I corsari di Greenpeace fermano il peschereccio pirata

ROMA. Nella notte tra il 6 e il 7 aprile nel mar Ionio si è svolta una piccola battaglia tra i gommoni dei corsari di Greenpeace lanciati in mare dalla Arctic Sunrise e un peschereccio pirata italiano, il Diomede II, costruito nel 2006 e che, invece che palamiti stava calando “ferrettare”, reti derivanti per catturare tonni e pescespada.

L’abbordaggio di Greenpeace ha fruttato un poco esaltante bottino: «2 chilometri di spadara, una rete vietata dal 2002. Intrappolati nella spadara piccoli tonni rossi e una tartaruga marina che è stata liberata». Il peschereccio, che nascondeva il numero di matricola per non essere riconoscibile, aveva a bordo 10 km di spadare a bordo, con la maglia di 8 cm cosiddetta “ferrettara”, decine di tonni rossi sottotaglia di peso tra 2 e 6 kg e pescati al di fuori delle quote Ue. Il peschereccio pirata, che teoricamente doveva fare pesca sottocosta, era dotato invece di radiosegnalatori e luci alogene e attrezzature sofisticate per lavorare con almeno 10 km di rete derivante in acque internazionali. Greenpeace ha denunciato le illegalità commesse dal Diomede II alla Capitaneria di porto di Messina.

«È evidente – dicono gli attivisti di Greenpeace - che il livello dei controlli è così scarso che ai pescatori conviene ancora investire su nuove imbarcazioni attrezzate con reti vietate sin dal 2002. Con quest’azione Greenpeace ha dimostrato che la cosiddetta rete “ferrettara” viola sistematicamente il Regolamento Comunitario (Reg. CE/1239/1998) che impedisce la pesca con derivanti alle specie pelagiche d’altura, come il tonno rosso. L’Italia, invece di contrastare seriamente la pesca pirata, sta tentando di affondare il Regolamento proposto dalla Commissione Europea contro la pesca illegale. Questo Regolamento prevede l’inserimento dei pescherecci pirata in una “lista nera”: chi ne fa parte non troverebbe più assistenza nei porti dell’Ue e non potrebbe più accedere ai sussidi pubblici, come quelli del “piano di riconversione” che avrebbe dovuto smantellare le spadare».

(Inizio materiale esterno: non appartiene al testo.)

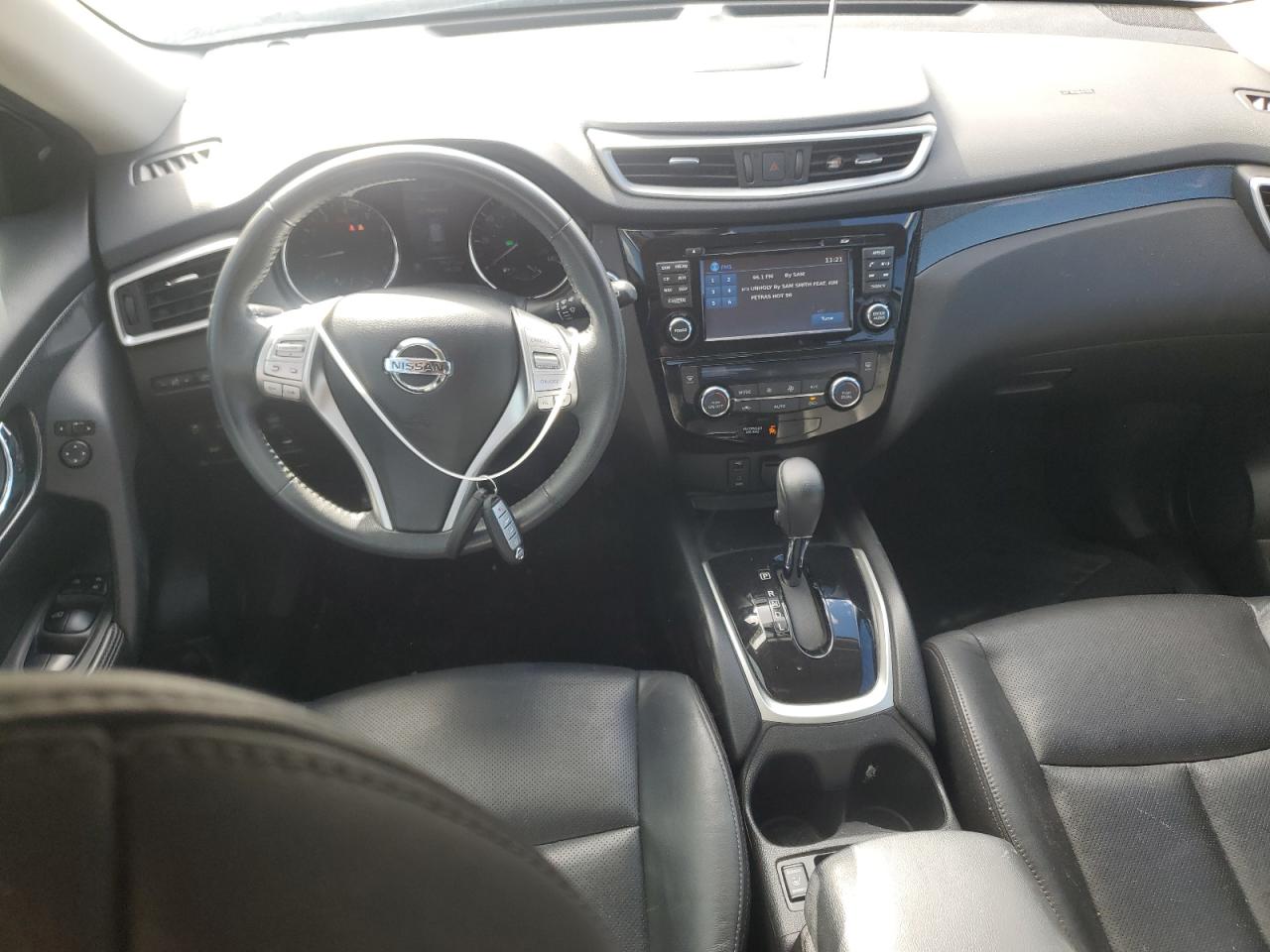 2015 Nissan Rogue - Image 8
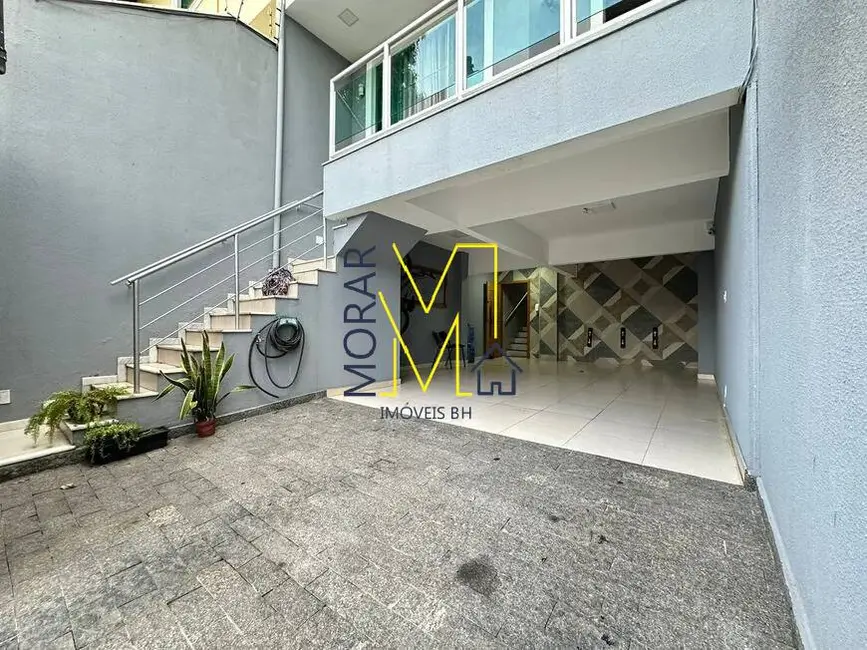 Casa com 3 quartos à venda, 200m2 em Santa Branca, Belo Horizonte - MG - imagem 4 Foto 4 de Casa com 3 quartos à venda, 200m2 em Santa Branca, Belo Horizonte - MG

E gli ambientalisti denunciano anche un malcostume fiscale che diventa anche una truffa all’Unione Europea: «Non è chiaro quanto si sia speso in totale per la riconversione ma Greenpeace ha più volte osservato pescherecci che usavano le spadare nonostante avessero ricevuto contributi fino a oltre 68.000 euro per smantellarle. Dal 2000 al 2006 la pesca italiana ha bruciato oltre 15.500 posti di lavoro». «Se vogliamo pescare domani, abbiamo bisogno di riserve marine oggi» è il grido di battaglia dell’Arctic Sunrise, che sta compiendo anche attraverso azioni come questa una campagna per l’istituzione di riserve marine che coprano il 40% degli Oceani, incluso il Mediterraneo sempre più minacciato.